The required result is an exact copy of every line from the one with "2X Zehenspreizer Hallux" through the last line below, with the pictures left out.

(Beginning of Study material)

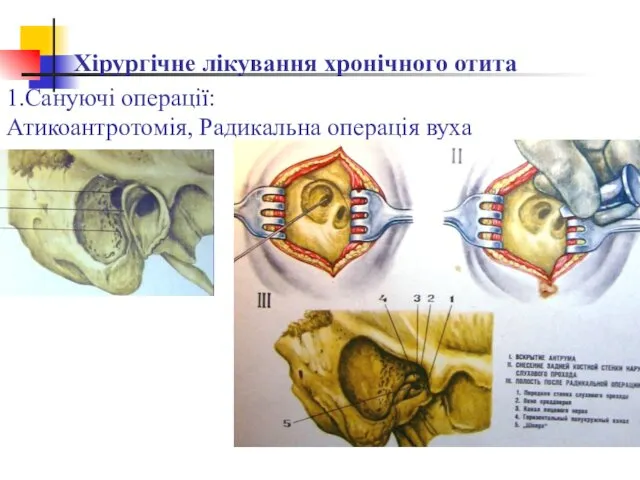 Хірургічне лікування хронічного отита 1.Сануючі операції: Атикоантротомія, Радикальна операція вуха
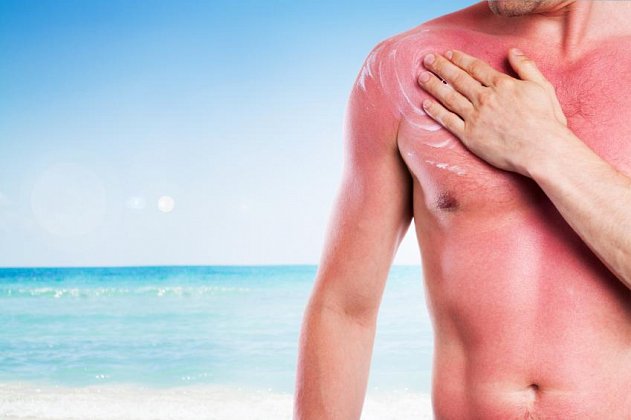 Relieve sunburn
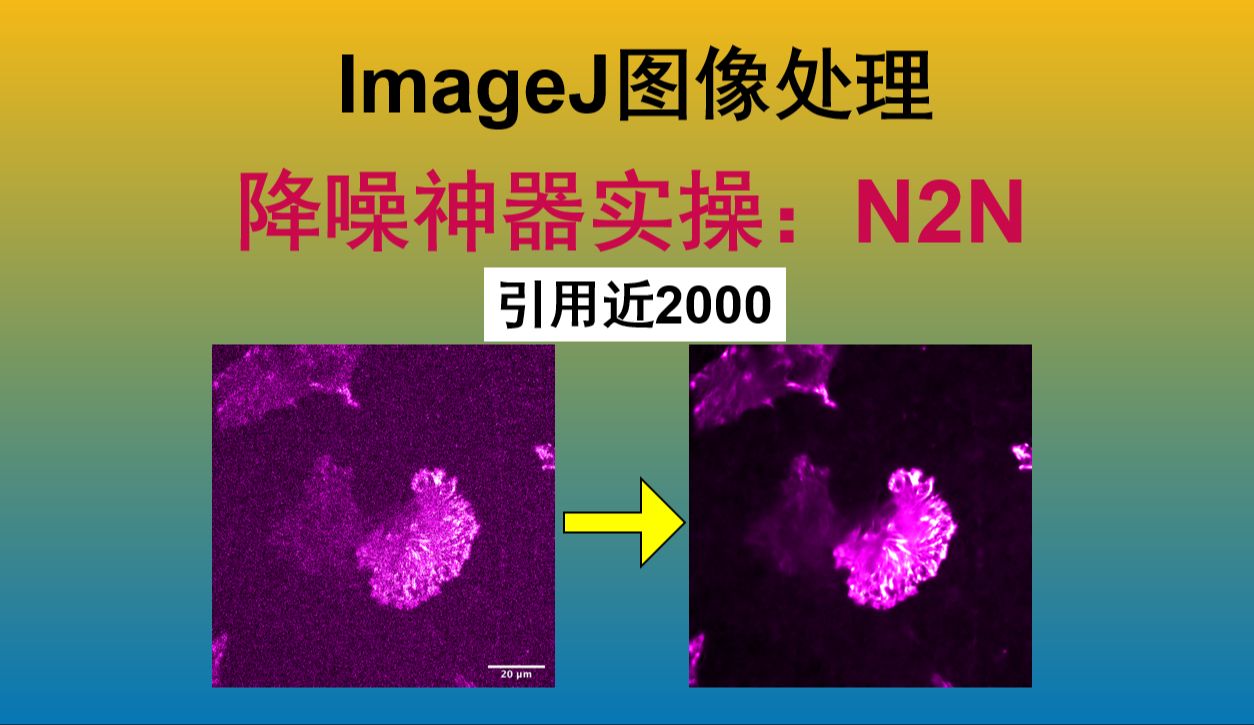 『超实用』ImageJ 降噪神器Noise2Noise简介与实操哔哩哔哩bilibili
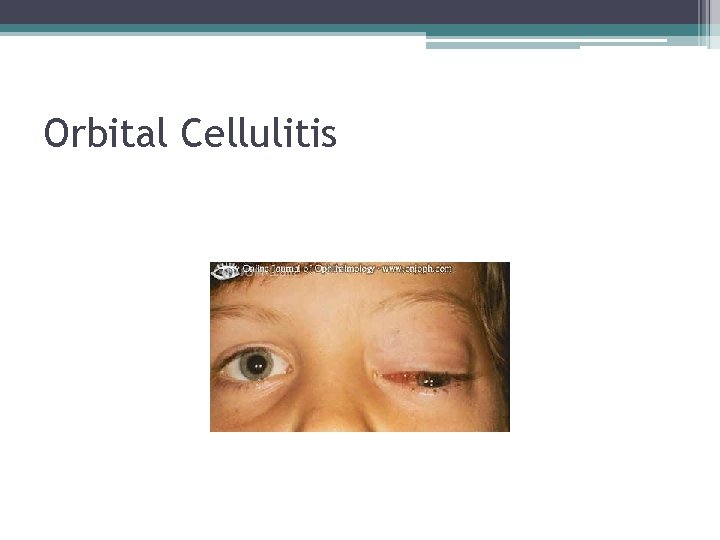 Orbital Cellulitis 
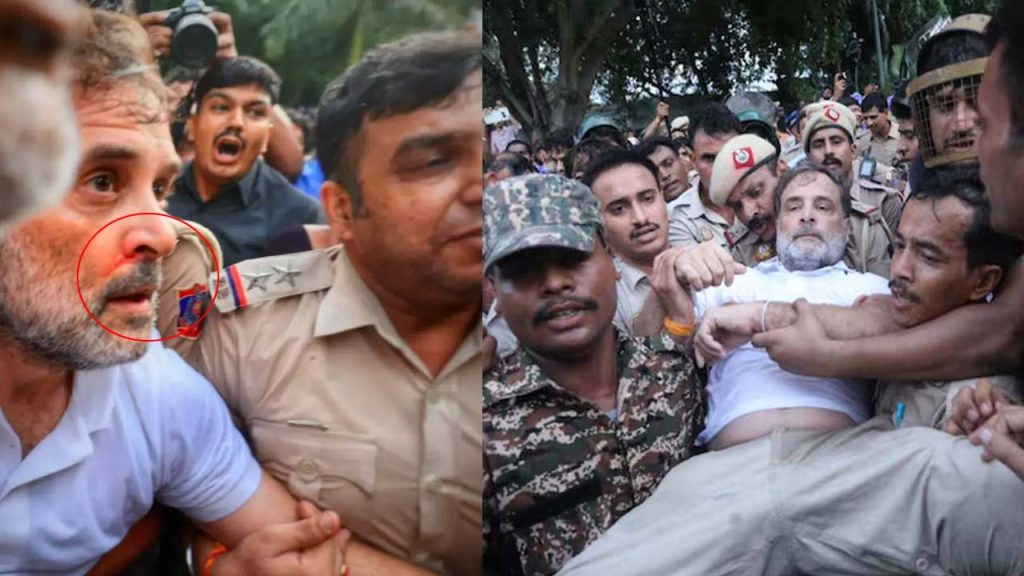 Rahul Gandhi Detained Delhi Pm Residence Protest Nose Injury Congress Neet Protest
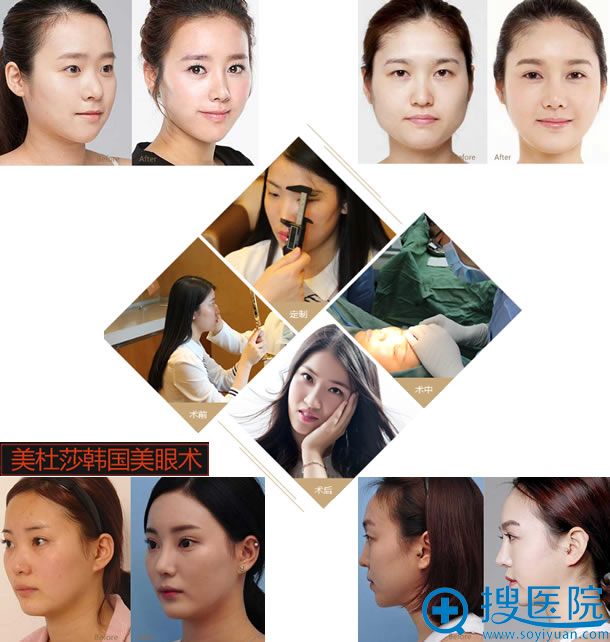杭州艺星美杜莎韩国美眼术过程及案例 杭州艺星美杜莎韩国美眼术过程及案例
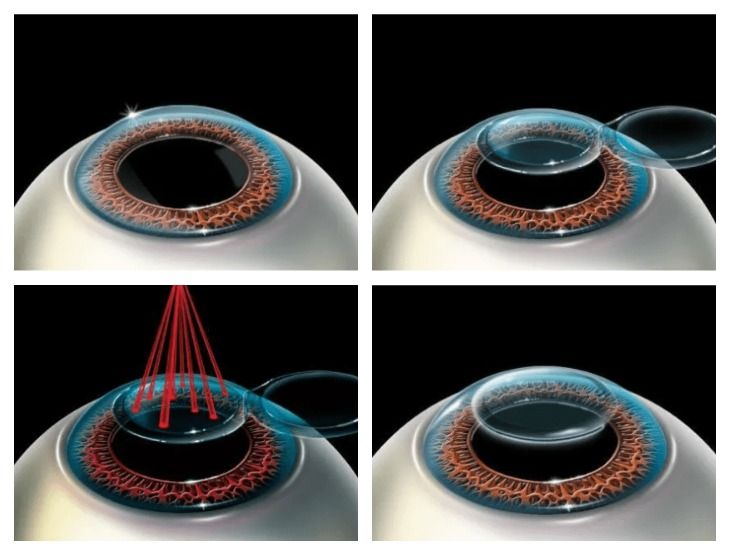 После коррекции зрения мутно видела. Lasik лазерный кератомилез. лазерная коррекция зрения методом фрк. капли после лазерной коррекции зрения ласик.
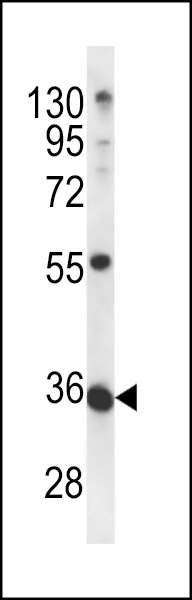 WB - METTL11B Antibody (N-term) AP12508a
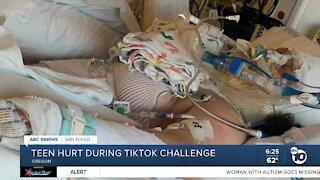 Teen hurt during TikTok fire challenge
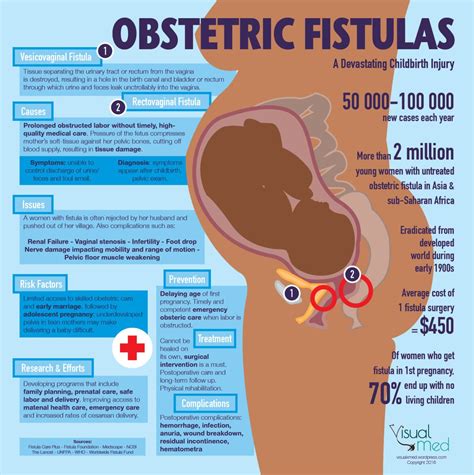 An Info Poster Showing The Benefits Of Obstetric Fisulas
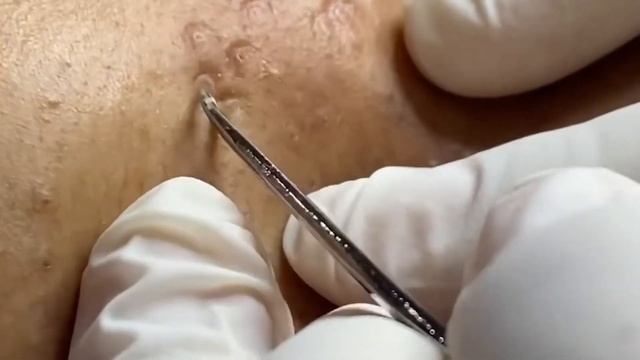 This Pimple Popping Method Will Leave You Speechless! Part 2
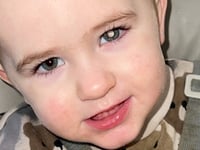 Dad goes extra mile after tot's white glow eye cancer shock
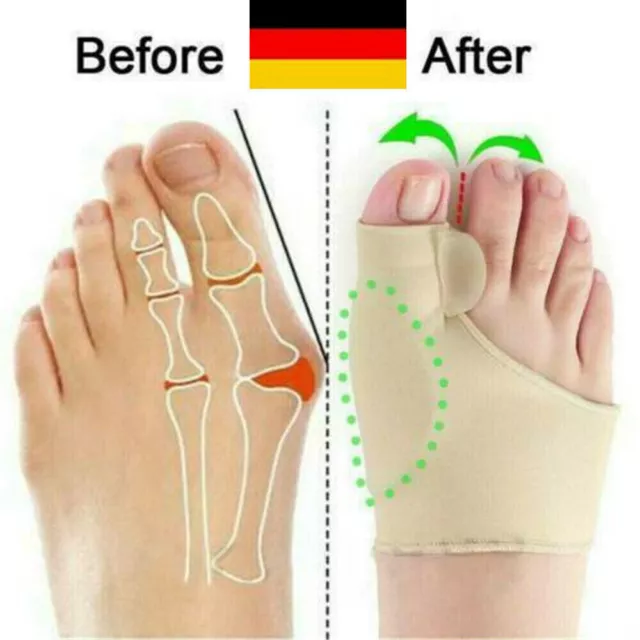 2X Zehenspreizer Hallux Valgus Korrektur - Bunion-Socke - Silikon Gel Bandage ~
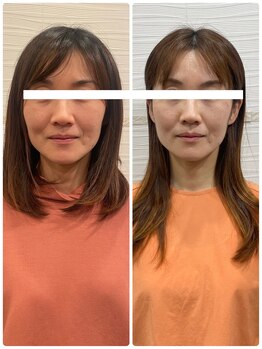 長寿鍼灸院 長寿整骨院/美容鍼100本の効果★小顔効果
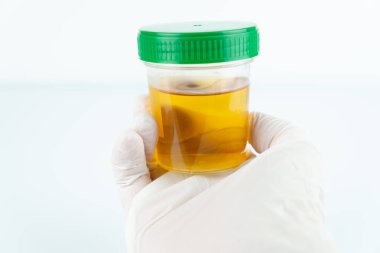 İdrar tahlili, idrar örneği.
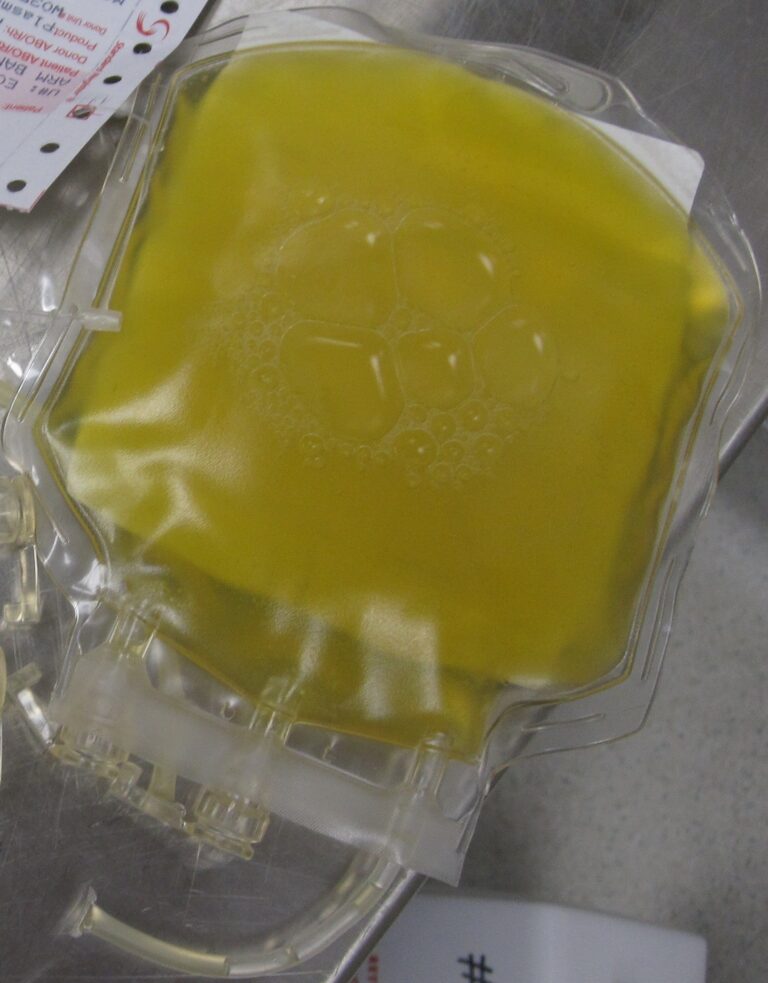 FDA將允許醫生用康復者血漿治療重症新冠狀病毒患者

(End of Study material)

[Solution]
 2X Zehenspreizer Hallux Valgus Korrektur - Bunion-Socke - Silikon Gel Bandage ~
 長寿鍼灸院 長寿整骨院/美容鍼100本の効果★小顔効果
 İdrar tahlili, idrar örneği.
 FDA將允許醫生用康復者血漿治療重症新冠狀病毒患者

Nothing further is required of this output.